CK: And what about Paul Gilbert? Paul Gilbert? 

DT: Paul Gilbert rules. The first time I interviewed Paul Gilbert was when he lived in Las Vegas but he drove out to Los Angeles and we met at my friend’s photography studio. Gilbert had been driving obviously himself the whole time, hands on the steering wheel, however long that drive is, six hours, seven hours, I forget. He gets out of the car, I brought my amp, he plugs into my amp, instant shredding madness. Like, no warmup, no nothing. Perpetual road chops. So that was the first thing that, like, holy crap. I know road chops, that is a real phenomenon, people that are constantly touring, constantly playing, constantly having to be on, at some point the need to warm up doesn’t really exist for them and they’re instantly able to just destroy. So that was pretty obvious in the case of him. 

CK: Do you remember what guitar he brought? He brought his own guitar, right? 

DT: Yeah, he I believe brought two guitars. I know for sure he brought his giant, white Ibanez double neck because I have a photo of me holding it with him dwarfing me from that first interview, and that double neck, if I remember correctly, the bottom neck, he had three D strings tuned in octaves put into the middle of the neck so he could do all of his string skipping, shreddy, brutal arpeggio stuff but kind of stay in one position and each string being an octave apart, so it was pretty sick ripping stuff, and then the top neck was just a regular neck, I think tuned down a whole step. 

So one oddball thing that I remember that was shocking that would not translate from just reading … Oh yeah, by the way, this, of course, was a similar thing where it would be a regular interview but then separately a lesson. What a shame, which is super cool getting to interview … to do some deep-probing picking vocabulary, finger finesse type of discussions and see these pickers three feet away from me was pretty deadly. So at some point I think the subject of incorporating chromaticism into lead lines came up. I don’t remember why. It might have been because he talked about how he got into what he calls the Ace Frehley scale, which is a three-note-per-string, sort of chromaticising version of the blues scale. So he was doing something with that, but then he started to talk about how other people talk chromaticism into the extreme and he said, “I don’t know why some people just don’t do this,” and he started to just pick super quickly on one string and just slide his index finger around, but in a jagged, rhythmic way that sort of tried to outline a line, but because he’s sliding across a bunch of frets super quick, it sounded like chromatic passing tones, and me just saying that does not do it justice, but it was one of the sickest things I’ve ever heard. Would had to have been there. I of course do also have that recorded, but it’s also one of those things, it’s untranscribable, which of course was another part of my job, which was cool, transcribing all the stuff that these beasts threw down. 
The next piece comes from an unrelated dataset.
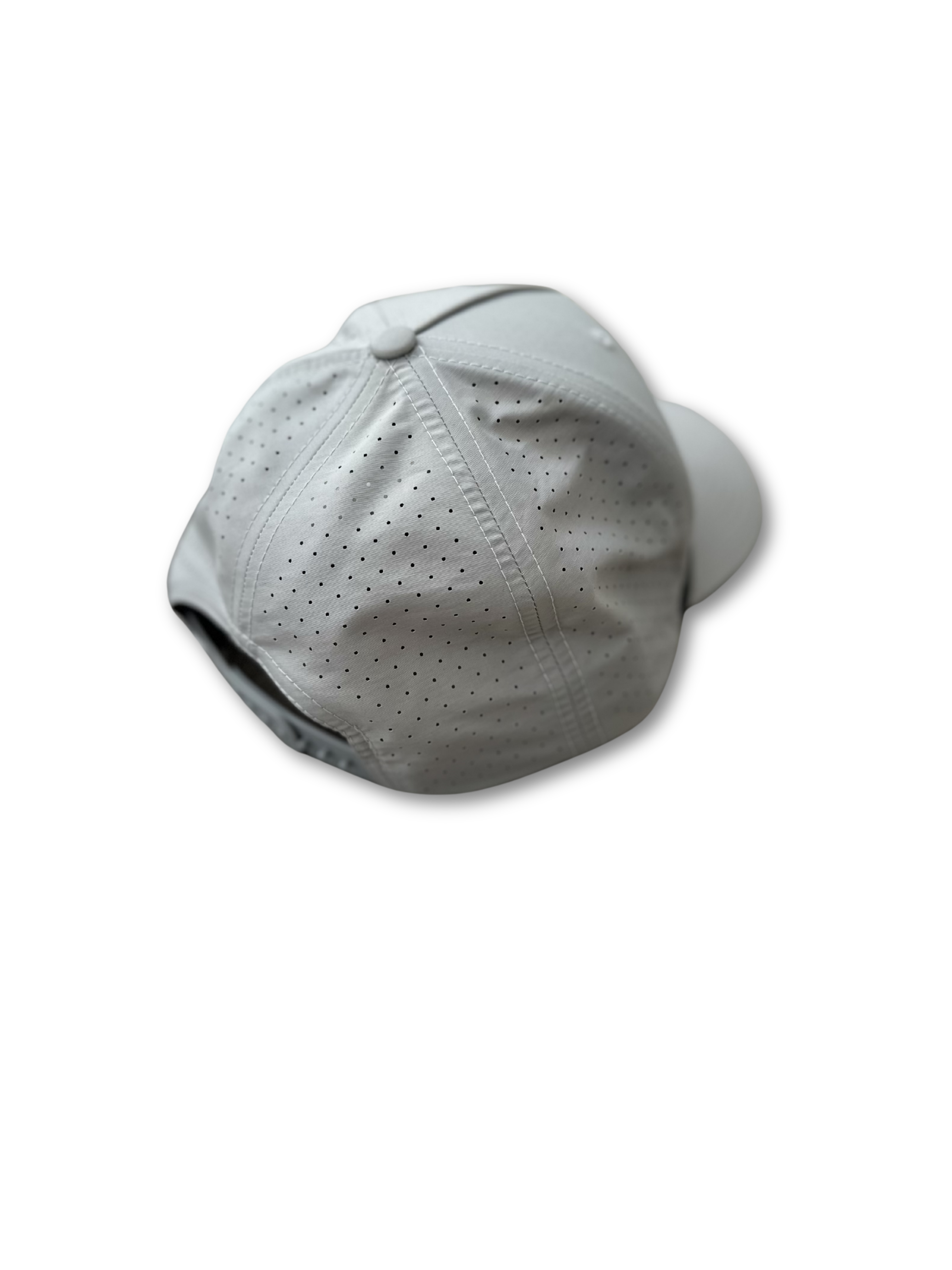 WAKE 10 Core Cap - Silver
One other weird thing I remember is he did bring up this point that I thought was funny, is that he was just interviewed by a guitar magazine in Japan and the interviewer asked him … Or, it wasn’t really a question, it was more of a statement, “Yngwie, he has a style,” and he listed some other people, “but it seems like you have no style.” I think this was one of those outtake things and it was funny how he was having to defend himself for having a style, which is weird. And we talked about Shawn Lane and a billion other things that would all be cutting room floor stuff. But yeah, he’s one of my favorites. 
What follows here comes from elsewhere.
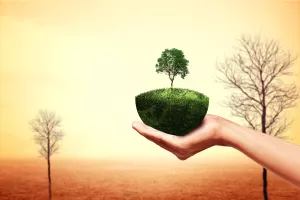 Poljoprivreda na pretplatu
CK: Okay, Steve Vai. Everybody knows that Steve Vai is my favorite guitarist, favorite musician in the world. He actually was on the first episode of this podcast doing an interview. What can you tell me about your experience interviewing Mr. Vai? 

DT: Well, I second the favorite factor. Yeah, long-time fave. I got to interview that feller three times, the first two times at his home in Encino and then the other time I think was at Mates Rehearsal Studio. So I’ll maybe just narrow this down to the Encino environment. Here’s a funny thing. Of course I am pretty much always on time and I arrive early to not be late. You know how that goes. I parked on the street, which is a pretty major street, waiting so I wouldn’t be late, and I put some money in the meter and I look at the meter number, and the meter number is 666. And of course I already knew Steve Vai’s birthday is 6/6/60, so given that that was the very first time I was going to interview a hero of mine, I figured, “Okay, that’s a positive omen.” So this first interview was in ’99, I believe, so quite a ways back. I think it’s when The Ultra Zone came out, which is one of my top five or six Steve Vai albums of all time. Pretty much everything that I went for in that interview ended up in the giant magazine feature. I even got him talking about his birthday, which, from my knowledge, up to that point, he’d not really addressed the fact that he was born in 6/6/60. So he did say some funny stuff about how when he was a kid, when The Omen came out, the movie, that he was tripping hard and his friends were making fun of him because they knew his birthday. 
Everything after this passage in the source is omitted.